Segundo o presidente da Corte, o colegiado funciona, nesse tipo de situação, como o juiz natural dos ministros do STF. Fachin afirmou ainda que a prerrogativa de foro tem relação com a proteção da independência dos magistrados e que, diante de informações envolvendo integrantes da própria Corte, a análise deve ocorrer dentro das regras institucionais do Supremo.
Votação continua
O voto de Fachin representa a posição do presidente do STF sobre a questão de ordem apresentada por Gilmar Mendes, mas não corresponde, por si só, ao resultado final do colegiado. A Corte ainda precisava concluir a votação sobre a possibilidade de reunir os procedimentos e sobre a continuidade do julgamento nesta terça-feira.

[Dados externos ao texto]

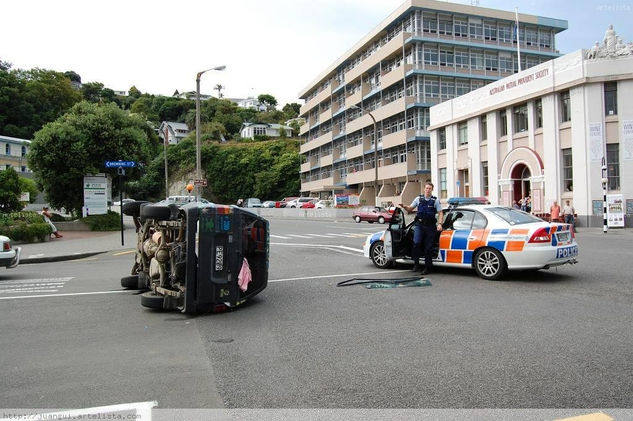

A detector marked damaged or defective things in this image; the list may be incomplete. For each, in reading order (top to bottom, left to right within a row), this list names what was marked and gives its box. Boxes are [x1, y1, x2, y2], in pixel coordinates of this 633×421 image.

overturned vehicle [120, 200, 266, 312]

A sessão ocorre em meio a uma crise interna no Supremo, após a divulgação de informações da investigação envolvendo Moraes e Vorcaro e a abertura de uma frente de questionamentos sobre a atuação de Mendonça no caso. Mais cedo, Gilmar e o ministro Flávio Dino questionaram a condução dos processos por Fachin. O presidente do STF respondeu que os autos haviam sido encaminhados à Presidência e que o Plenário é o órgão competente para analisar eventual investigação contra integrante da Corte.